PORTLAND, ORE.- From 1972 to 1987, the Portland Center for the Visual Arts (PCVA) was a major force in the Pacific Northwest, introducing progressive forms of contemporary art from around the country to Portland audiences. Temporary site-specific installations by major, mostly New York-based sculptors, announced its early ambitions. Later, an impressive schedule of avant-garde performances signaled a turn towards a more socially inclusive model—one that, unfortunately, proved financially unsustainable. More than thirty years after its demise, this artist-founded organization remains an inspiration for both the art it brought to the area and the impact it had on this city’s cultural scene.

But PCVA’s mythology as a leading-edge organization in one of the country’s most liberal cities is paradoxical. The exhibitions that brought it national attention reflected the social biases of an American art world that has long been less “progressive” than it has purported to be. Simultaneously, while Portland was being celebrated as a leader in urban planning—adopting urban growth boundaries and investing in bike trails and public transportation—it was engaged in the disinvestment in, and displacement of, its black and working-class communities. Given this layered context, how do we celebrate the PCVA’s extraordinary achievements while acknowledging that it bore some of the troubling qualities of its age? And in doing so, at what point do we risk falling victim to presentism; judging the past through current-day values and expectations?

This unorthodox exhibition, curated by Triple Candie, delves into these issues. Comprising unfaithful sculptural objects, spatial interventions, animated videos, tapestries, and hand-drawn documentation—all fabricated by the curators themselves— Being Present is designed to transport viewers, if only partially and somewhat unfaithfully, to this bygone moment. Like other Triple Candie exhibitions, it seeks to turn our articles of faith back on themselves. Moreover, it asks us to reflect on how we define cultural progress, and what art can, or should, do today.

Founded in Harlem by two University of Washington alumni (Shelly Bancroft and Peter Nesbett), Triple Candie is a phantom curatorial agency that produces exhibitions about art, but without art.
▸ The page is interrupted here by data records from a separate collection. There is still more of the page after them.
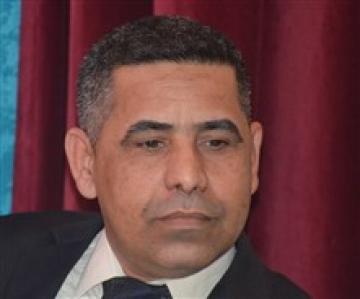 رئيس المرصد العراقي للحريات الصحفية:الصحافة الحزبية أبشع صور الدكتاتورية والصحفيون الأحرار قلة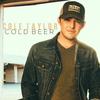 Cold Beer - Corey Taylor
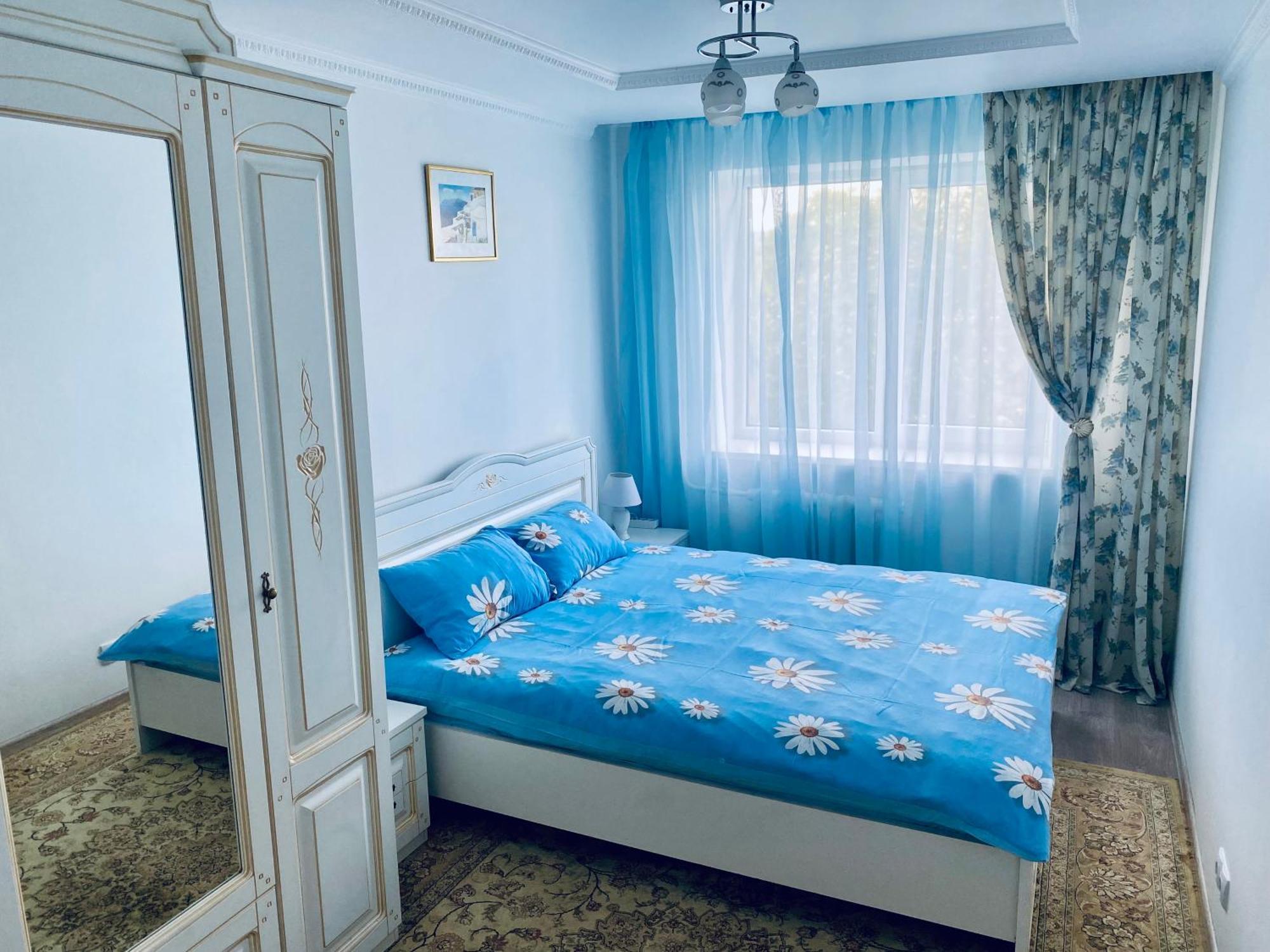 Fine Apartment 2 Jelgava Exteriér fotografie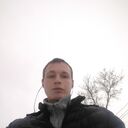  -,   , 35 ,   ,   , c 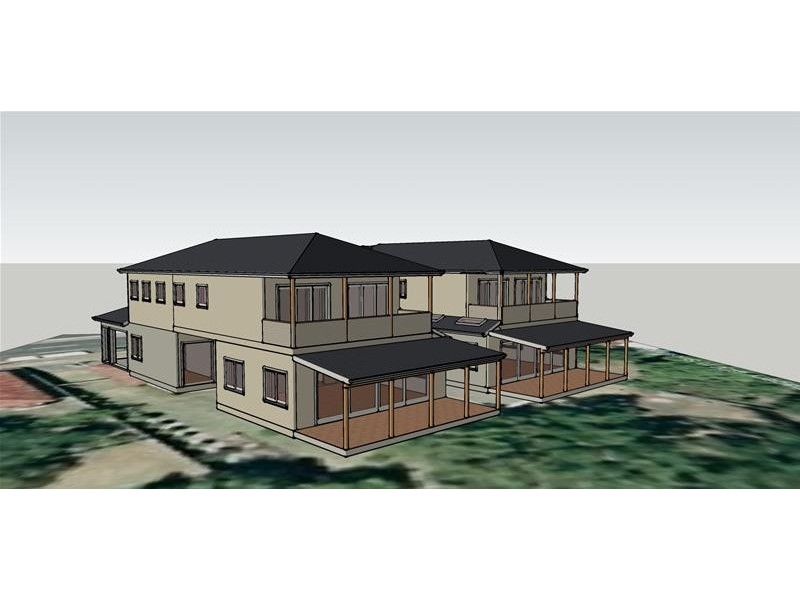 98 Wentworth Avenue, Pagewood NSW 2035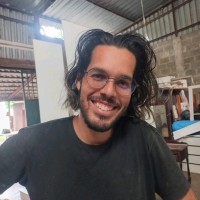 Alan viana de oliveira campos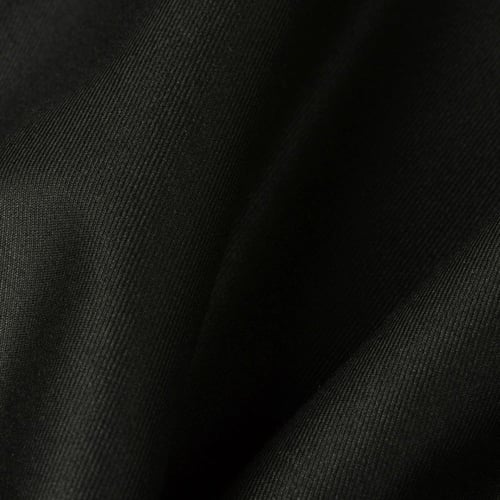 قماش شتوي فالور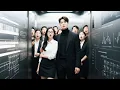 Download Lagu 女孩一個善舉收穫一個老公，隔天到公司上班發現老公竟是新任總裁，人生從此逆襲！#短劇 #短劇全集 #短劇推薦 #drama #愛情 #甜寵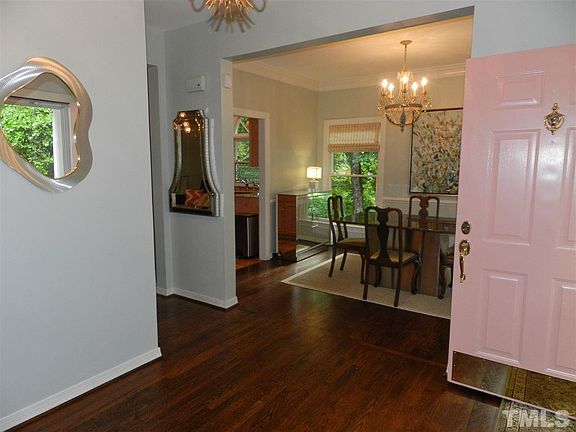 4th image of 5123 Oakbrook Dr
Its exhibitions typically consist of what it calls “surrogates”—reproductions, unfaithful copies, fake documentation, stage-sets, and other elements. Until 2010, Triple Candie presented these in its own space in Harlem. The New York Times described it as “Manhattan’s one truly alternative alternative space.” Since 2010, Triple Candie has been producing exhibitions and occasional performances across the U.S. and Europe. Recent projects include: If Michael Asher at the Grazer Kunstverein, Austria (2018-19); The Institute for Universal Uncertainties, Part II: Capitalism, Galerie Baumann and the Jindřich Chalupecký Society, Prague (2017); Kurt Varnedoe: In the Middle at the Modern, Telfair Art Museums, Savannah, Georgia (2017); Let the Artists Die (If They Want to) at NICC, Brussels (2014), James Lee Byars: I Cancel All My works at Death (2014), and Of the Siren and the Sky: All that Which is at the Edges of Whatever Might Be [An exhibition about the fugitive artist Sky Jones] at Utah Museum of Contemporary Art, Salt Lake City. Surveys of Triple Candie’s curatorial practice have been presented at the Addison Gallery of American Art, Andover, Massachusetts (2017) and Frac Île-de-France/Le Plateau, Paris. Today, Triple Candie is based in Washington, DC.

Being Present is curated by Triple Candie, in collaboration with Sara Krajewski, the Robert and Mercedes Eichholz Curator of Modern and Contemporary Art.